**SOURCE MATERIAL:**
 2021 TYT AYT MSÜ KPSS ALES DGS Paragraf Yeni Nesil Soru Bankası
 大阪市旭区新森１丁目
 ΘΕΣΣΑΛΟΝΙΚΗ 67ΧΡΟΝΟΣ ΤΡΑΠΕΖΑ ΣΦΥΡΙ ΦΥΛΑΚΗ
==
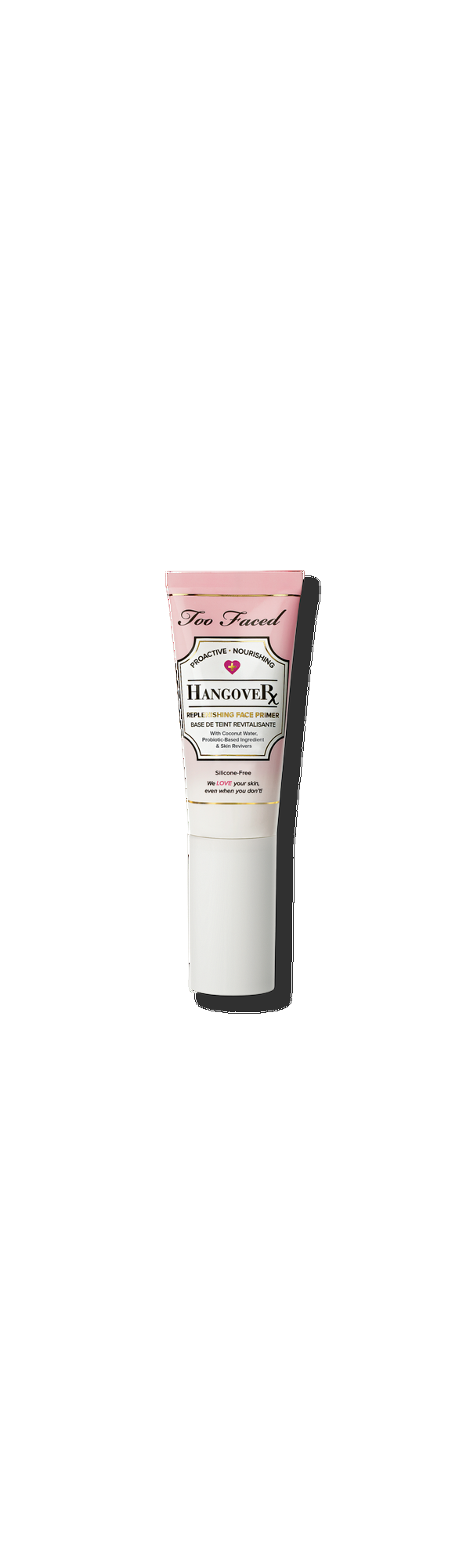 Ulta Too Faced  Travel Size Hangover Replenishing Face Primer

**EXERCISE BRIEF:**
Word for word, restate the lines above from the line containing "2021 TYT AYT" through the line containing "ΘΕΣΣΑΛΟΝΙΚΗ 67ΧΡΟΝΟΣ ΤΡΑΠΕΖΑ ΣΦΥΡΙ ΦΥΛΑΚΗ", with both included and nothing else.

**ANSWER SECTION:**
 2021 TYT AYT MSÜ KPSS ALES DGS Paragraf Yeni Nesil Soru Bankası
 大阪市旭区新森１丁目
 ΘΕΣΣΑΛΟΝΙΚΗ 67ΧΡΟΝΟΣ ΤΡΑΠΕΖΑ ΣΦΥΡΙ ΦΥΛΑΚΗ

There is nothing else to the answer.